Un exemple concret de cette pensée est la critique qu’elle a formulée à propos du nouveau musée des arts „premiers“, plus pudiquement appelé „musée du quai Branly“, qui vient d’ouvrir ses portes à Paris et qui regroupe des oeuvres d’art africaines dont raffole Jacques Chirac (voir aussi notre article page 8). Elle dénonce entre autres le fait que les oeuvres ont bien droit de cité et profitent d’une totale liberté de circulation entre la France et l’Afrique, tandis que ceux et celles à qui cette culture appartient crèvent de faim devant les enclaves de Ceuta et Melilla ou sont renvoyé-e-s dans leurs pays respectifs au nom d’une politique d’immigration de plus en plus expéditive. Qui, de plus, est vendue sous le sigle d’une politique de coopération, car les gouvernements occidentaux promettent des aides aux gouvernements qui acceptent le retour de „leurs“ refugié-e-s.

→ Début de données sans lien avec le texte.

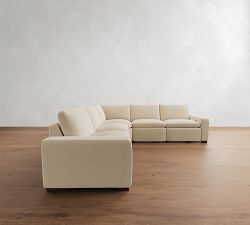 Westlake Power Reclining L-Shaped Sectional (121")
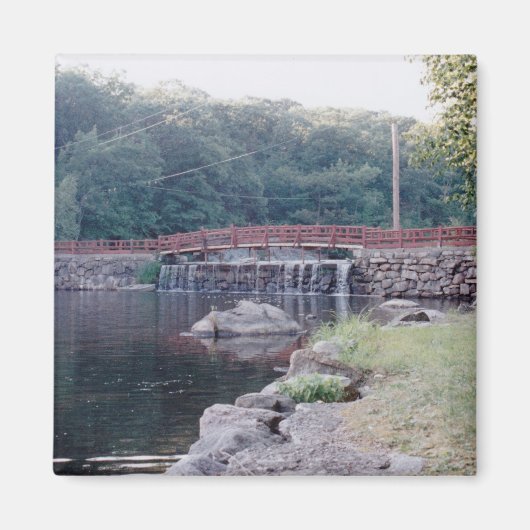 滝橋 マグネット (正面)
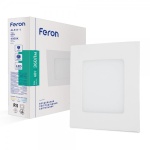 Світлодіодний світильник Feron AL511-1 6W 4000K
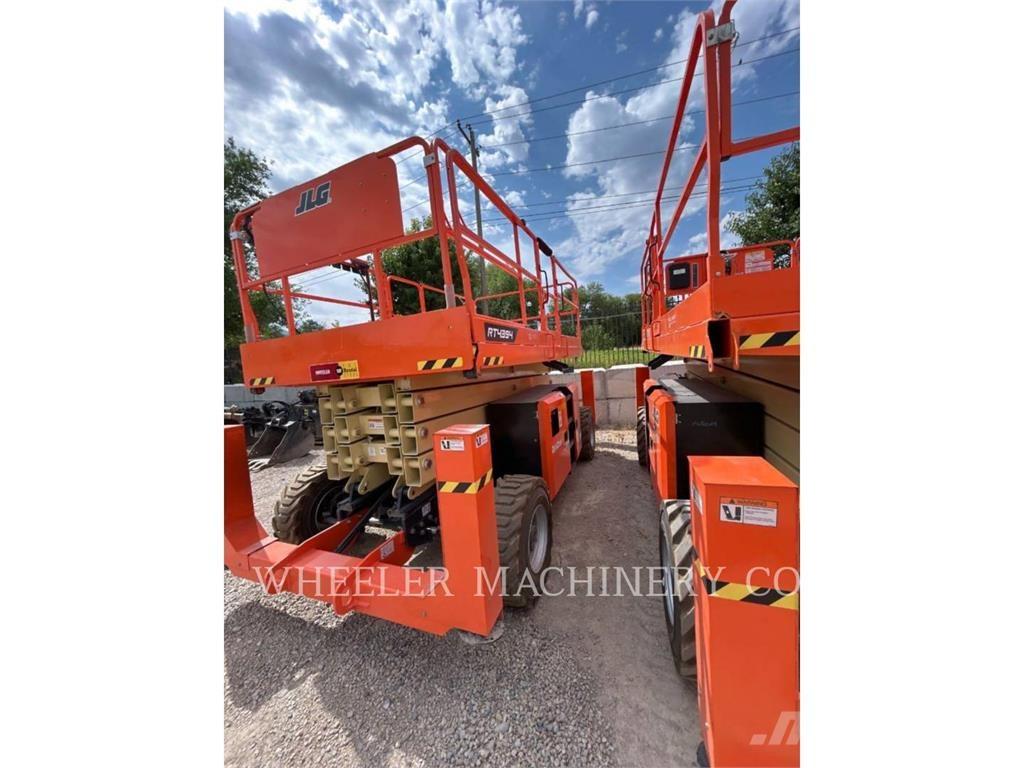 JLG RT4394 Plataformas tijera
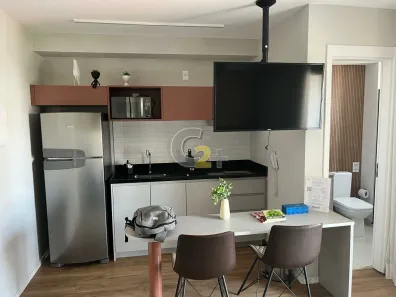 Apartamento com 1 Quarto para alugar, 29m² no Vila Mariana, São Paulo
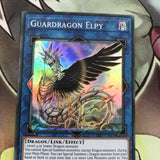 SAST-EN051 Guardragon Elpy Super Rare 1st Edition Mint YuGiOh Card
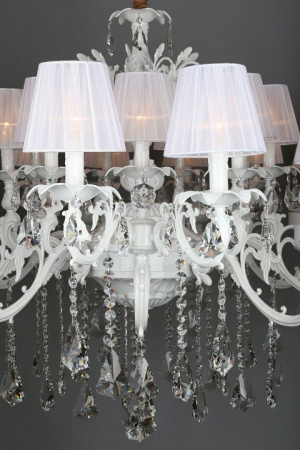 Фото Подвесная люстра Omnilux Catanzaro OML-30807-27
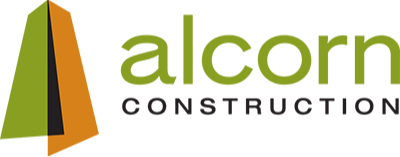 Alcorn Construction Logo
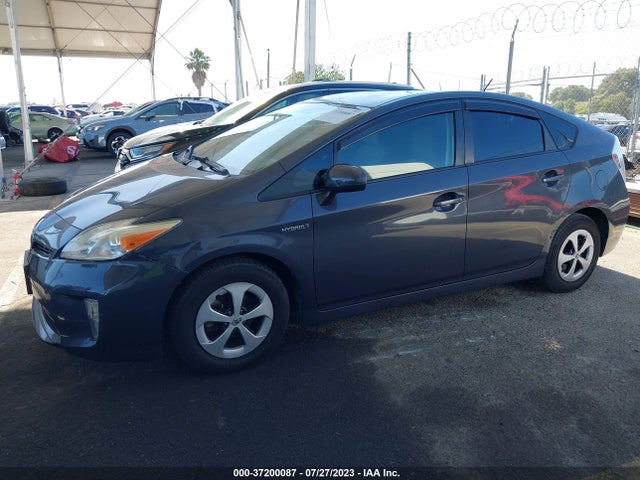 Toyota Prius Four/five/three/one/two 2014 JTDKN3DUXE0379704 Image 6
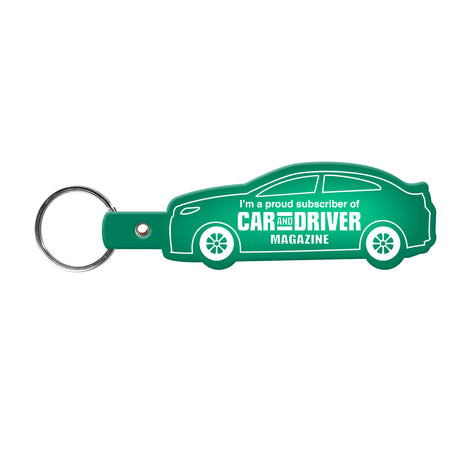 Car Flexible Key Tag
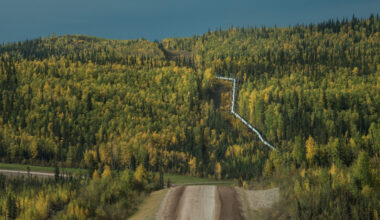 Alaska's $44 billion bet on natural gas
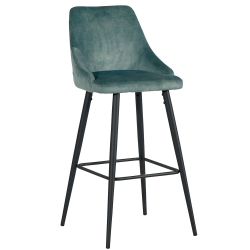 Chaise de bar Chabarlou – Ocre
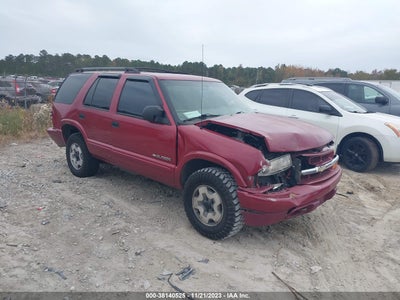 Chevrolet Blazer 2004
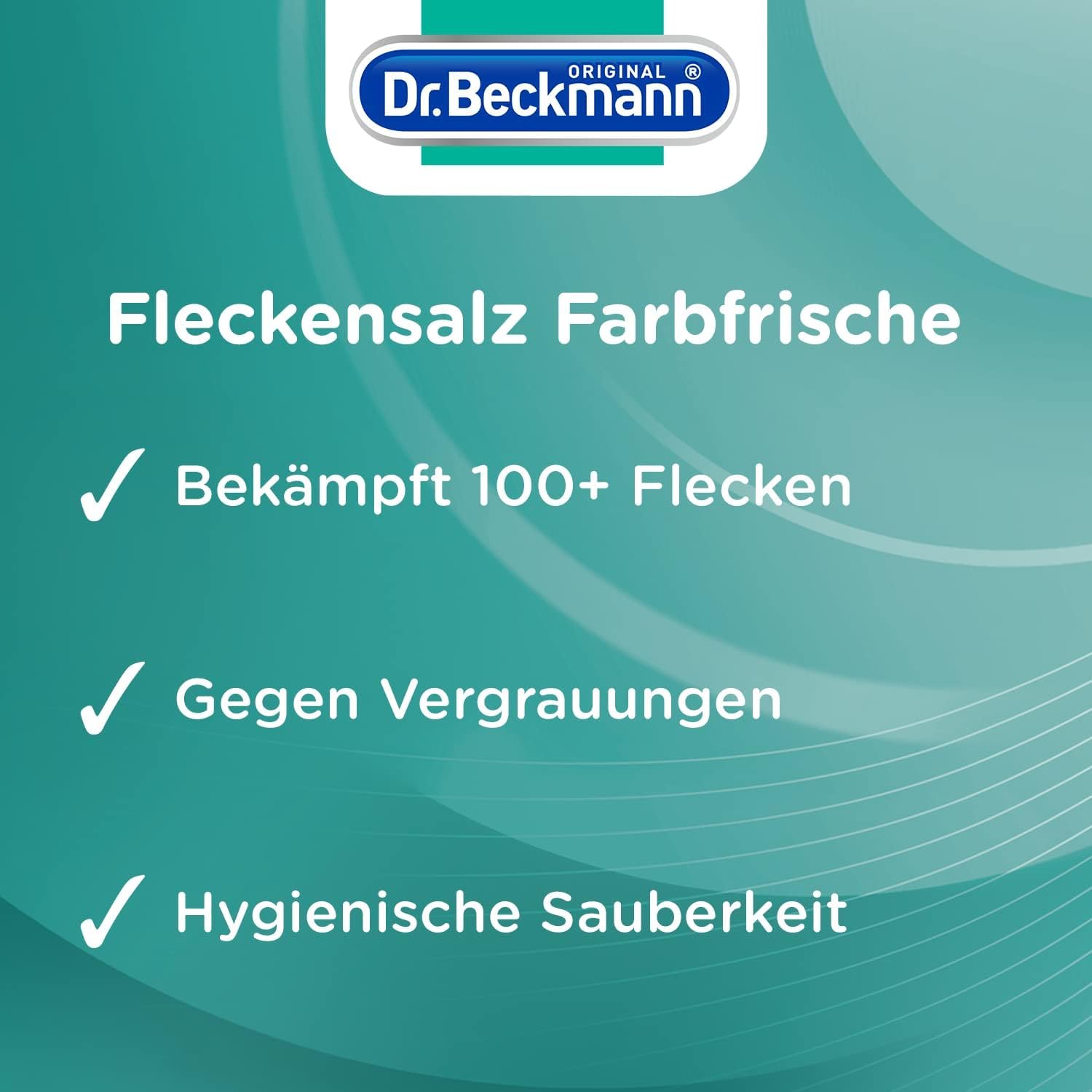 dr-beckmann-fleckensalz-farbfrische-fleckenentferner-400-g image 2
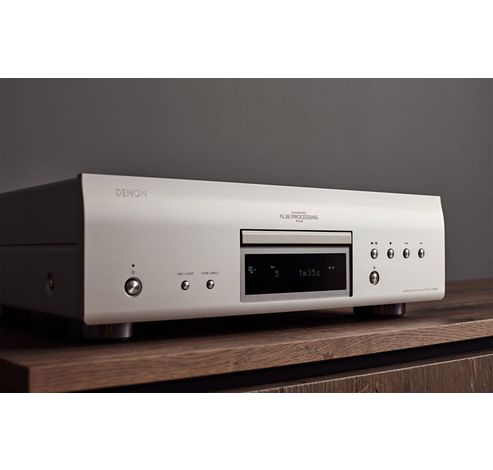 DCD1700NESPE2 Zilver  Denon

Pourtant, Aminata Traoré ne pense pas qu’il s’agisse d’un „musée colonial“: „C’est surtout une opération de séduction. Le musée du quai Branly sert surtout à se faire plaisir. On se donne bonne conscience, on donne l’impression qu’on a du respect pour les Africains, qu’ils sont les égaux des Occidentaux. Tandis qu’en réalité ils sont mis à la porte, à l’intérieur de ces portes on donne l’impression qu’on a de la considération pour eux. Et que les oeuvres présentées rendent comptent d’une telle spiritualité et d’une telle force. A la limite, les possédants peuvent bien s’en amuser à leur guise, mais ce que nous ne pouvons laisser passer, c’est la stigmatisation des vivants dans le même contexte.“

Et ce n’est pas près de changer, tant que la critique – même dans le domaine culturel – ne peut influencer les grands et beaux discours des dirigeants, qui font le contraire de ce qu’ils disent.